I've been sorting out stuff I've written the past day or so. Digging in and moving stuff around. In part it is to be mindful and protective of those that I write about. I also wanted to create a space that really was just where I talked about living in Portland and places I frequent or travels I make. It has meant I've reopened and reread everything I've written since the end of June. In fact, I'm only part-way through September.

It was a tough summer. There has been so much shifting and changing the past year, just to revisit the past 5 months or so is to see big bumps navigated. Really, the past few years for me have felt like everything has changed entirely. With my practice I've become a different person than the one I thought I was. Strangely enough, I mostly feel very young again.
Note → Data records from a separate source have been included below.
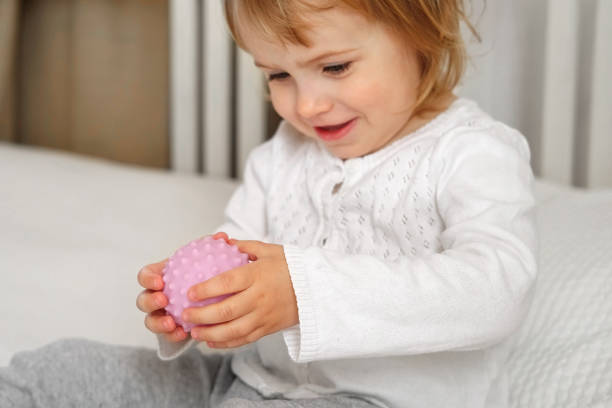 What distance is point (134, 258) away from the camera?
3.84 ft

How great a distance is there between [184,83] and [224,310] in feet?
3.73

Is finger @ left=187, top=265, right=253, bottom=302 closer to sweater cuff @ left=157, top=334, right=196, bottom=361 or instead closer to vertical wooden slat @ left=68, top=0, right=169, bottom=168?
sweater cuff @ left=157, top=334, right=196, bottom=361

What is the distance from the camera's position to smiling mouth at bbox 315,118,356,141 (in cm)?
82

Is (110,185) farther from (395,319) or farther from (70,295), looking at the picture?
(395,319)

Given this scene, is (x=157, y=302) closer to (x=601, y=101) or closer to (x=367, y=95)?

Hogen said something once, when talking of the vows we take, about looking at what was true when we were children that is still true today. When he asked us to consider this I'd found it unsettling, upsetting even. It was a request that threw me into the pain of my childhood as well as the stark reality of how little I remember. In practice I have started to touch that, to see myself turn towards things I remember feeling were important as a child.

Looking at the past months, reflecting upon what I wrote most days, I see where the hope keeping things together started to unravel. Seeing where I started to shift away from what I thought would always be and try to dive into the truth instead. Revisiting where the steady reassurance and heterosexual privilege of marriage started to unravel.

As painful and unsettling as this has all been, I feel like I'm moving towards the right path for me. I never thought it would move me in this direction, away from what I convinced myself was safe. Regardless, I feel like I'm moving towards what is the truth and there is genuine comfort in it.

Besides, I've come to dive into the shifting uncertainty that is our daily existence. Which is to say that I recognize that I was merely clinging to the illusion of safety. Like the boat on the ocean, with no shore to be seen in all directions. The boat is the illusion of safety, the small mind that clings to what it knows rather than sink into the limitless, boundless Dharma.

21Jul/080

Revisting the Genjo Koan by Bicycle

Oh I slept so poorly last night even having taken some melatonin. I tossed and turned from some combination of pain and travel dreams. That busyness of rushing to a destination, unsettled. I could not help but whimper a little when my alarm went off at 6AM. I hauled myself out of bed and got myself together, onto the bicycle and off to CK's.

I made it a little more quickly to her flat this time and had some breakfast while she finished getting ready. It took us only 10 more minutes to bicycle over to the Convention Center for OSCON. We locked up and watched all the guys walking by with badges on. We laughed at how relieved we were to be there together. She's not been to an event like this before as an attendee and I've not been since 2000.

We got through registration, through the Starbuck's line, and onto our respective sessions. I had all Perl workshops today while she did one on PHP and another on A/B testing. We were fed salads topped with grilled veg and tofu, which was pretty good. Tomorrow she and I both will be in PHP workshops together. I'm looking forward to it a lot.

The ride home was hard since the wind was blowing right down N Williams making the hill climb up to Alberta challenging. Other bicyclists passed me in a parade of faster rides powered by legs more trained than mine currently are. I just kept pressing my feet into the peddles and trying to breathe through my nose, control my breath.

CK asked me later if a year ago I would have thought I'd be commuting on a bicycle. I'm so thrilled that I can do this, very surprised too. I didn't really think it would be possible to find something that I felt both comfortable and safe on. It is intimidating to be out in traffic again, I found the big trucks loud and close as they rushed past me on Russell. As tough as I find the hill up to Alberta, I'm still so grateful to be huffing & puffing my way up it.

In answering her I found myself stumbling over one of Chozen's Dharma talks from last winter. The sangha had been studying Genjo Koan for several weeks. One evening Chozen focused on the image of a boat that reappears in Dogen's lines. She talked about how we feel when on that boat, with nothing but ocean in four directions. How would we see the ocean at that point, how is the boat viewed.

In that kind of situation we tend to cling to the boat, the idea that the ocean is enemy at that point. If we loose the boat, we are consumed by the ocean. We don't see the limitless, boundless, teeming depths of the ocean as our element, we cannot sink into the idea of merging with it, abandoning our little boat and our wish to see land soon.

Chozen taught that our mind is that boat floating upon the boundless ocean of the BuddhaDharma, but our tendency as we age is to close our mind which shrinks that boat. We start telling ourselves that we're too old to learn something, no longer willing to try new things, and believing we're not capable of something. Chozen found herself, at 60 learning how to play piano for the first time.

And I find myself riding a bicycle. My shoulders, mid-back, side ribs and chest ache. We realized that it is most likely because I'm gripping the handlebars with such tension as I learn this skill all over again. Still, I'm making my way through trucks and the whoosh of cars.